With my lanky stature and less than overwhelming power the 14s seemed daunting at best. My parents, both smart individuals, saw the struggles I was having and decided that perhaps a coaching change would be good for me. I switched coaches a few times the year I turned 13 but it was difficult to find the right fit. Each time it seemed as if the same issues surfaced; the coaches didn’t really care if I got better and the practices seemed arduous.
Never once did any of them come to watch tournament matches on the weekends or show interest in seeing what level the competition was playing at so as to have a better idea of what I needed to be working on. If things had stayed the same my tennis career would most likely have ended soon after that year.

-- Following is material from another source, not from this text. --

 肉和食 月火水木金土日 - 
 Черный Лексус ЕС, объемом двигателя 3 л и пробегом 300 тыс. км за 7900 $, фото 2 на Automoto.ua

Luckily for me they did not stay the same. A Russian by the name of Vadim Korkh had moved to Vancouver a few months earlier and had some success working with boys in the 16 and 18’s division. He was the only coach who showed up regularly to tournament’s and when my mother approached him to ask if he would take me on as his student he reluctantly agreed to give me a trial period. Reluctantly because he currently wasn’t and didn’t want to work with younger juniors.
This was a turning point for me for a number of reasons. First of all he instilled a great work ethic in me but at the same time made it fun and kept me interested by incorporating many different games and point situations. He understood that at 12,13 or 14 years of age working only one on one with a coach can become mundane and monotonous for even the most steadfast and dedicated young athlete.
So instead of just drilling 15 hours per week he would incorporate two weekly semi-private training sessions that would create motivation through competition. We worked on building a solid foundation for an aggressive game in the future and didn’t worry too much about loses and wins and thus didn’t forego playing tournaments because of the chance of a bad loss.
In short there was a plan for the development of my game as a whole. One of the greatest joys any young player can feel is seeing themselves work hard and improve. I improved quickly. I ended up winning many national singles and doubles titles in Canada and eventually earned a full scholarship to the University of Southern California. Today I work with a top ranked U12 boy in Florida who is currently going through this very same transition.
As a coach you must understand that every individual is different and that what worked for you may not necessarily work someone else. Any good teacher needs to have the ability to be flexible when it comes to junior players, especially in the 12-14 range. I’m hoping that some of the same principles that helped in my development as a player will work for the boy I’m working with today. At the same time if it doesn’t, I know that I am prepared to switch it up.
Every great player has some universal traits but not every player acquired them in the same way. Hard work, dedication and grit are all characteristics that can be taught, but not every player responds to a drill sergeant. Keep this in mind when choosing who will work with your little phenom.